If you are designing an enclosure for a child's room, you may choose to incorporate models, toys or figurines even. For example if you have a toy helicopter with plastic army men, they may make a nice addition to a jungle habitat with anoles and tree frogs.

Another important aspect of designing a natural looking terrarium is plant selection. There are many types of household plants that are available through nurseries that are suitable for a terrarium. Be sure to keep a few things in mind when you select your plants. Choose plants that will not grow too large as they may overshadow other plants. Also use a variety of colors, heights, and leaf shapes in your terrarium as this will add aesthetic value. The plants you decide upon should also have similar care requirements such as lighting and watering. Most plants will have labels or tags on them that will inform you of their needs. Before you plant them in your terrarium, you should try different arrangements in the terrarium with them still in their pots. Also plants that get taller should be toward the back and/or sides, with smaller plants in front of them, as this will provide better viewing and a sense of depth to the terrarium. Once you have decided where you want them placed, you may remove them from their pot and plant them in their final position.

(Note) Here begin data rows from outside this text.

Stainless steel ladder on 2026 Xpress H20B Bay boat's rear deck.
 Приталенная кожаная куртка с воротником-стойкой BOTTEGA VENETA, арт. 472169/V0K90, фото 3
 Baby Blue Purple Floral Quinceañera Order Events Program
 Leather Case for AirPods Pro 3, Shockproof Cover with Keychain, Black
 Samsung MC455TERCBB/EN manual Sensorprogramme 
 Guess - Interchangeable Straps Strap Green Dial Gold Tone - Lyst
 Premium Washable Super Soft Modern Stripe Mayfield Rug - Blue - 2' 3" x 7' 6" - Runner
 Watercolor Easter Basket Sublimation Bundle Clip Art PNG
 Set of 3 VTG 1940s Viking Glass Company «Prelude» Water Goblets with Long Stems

Depending on the plants you have chosen as well as the animals you want to keep, your terrarium can be illuminated with a fluorescent grow light made for plants. Most amphibians will do well at a normal room temperature in the range of 73-76. If additional heat is needed, use a heat pad on the side, back or bottom of the terrarium. If you have lizards that require basking light, you may use an appropriately sized incandescent light; of course this is all relative to the size of the terrarium.

Another option is to create a water feature. By using a suitable rock or piece of drift wood, you can section off a section of the terrarium that has no soil and only a thin layer of gravel that could serve as a water area. The divider may be silicone into place along the bottom of the tank and perhaps the side to prevent the soil from becoming too wet and to prevent soil from eroding into the water feature.

Here are some simple steps to follow for the basics of creating your natural looking terrarium:

1. Be sure the terrarium is free of dust and any other impurities. Wash and rinse with a mild vinegar. Be sure to rinse and dry well.

2. A thin layer of pebbles or small stones should be placed in the bottom of the terrarium approximately 1-2 inches deep. This will keep your soil from staying overly wet by allowing excess water to drain.

3. A thin layer of activated carbon can be placed on top of the gravel. This will aid in keeping water clean and removing dissolved organics.

4. On top of the carbon, place a thin layer of filter floss, sphagnum or spanish moss about 1-2 inches think. This will prevent your soil from bleeding down and into the drainage gravel.

5. Place a thick layer of your potting soil on top. Be sure to use a soil that has no fertilizers in it, as this will contaminate any possible water feature. Fertilizers may also be dangerous to your herps, especially amphibians. As your terrarium ages, the plants will receive nutrients from the waste that the animal(s) produce.

6. Next you can plant your plants

7. After your plants have been placed in the soil, you can fill in the open spaces with driftwood, branches, rocks or any other decor you had in mind.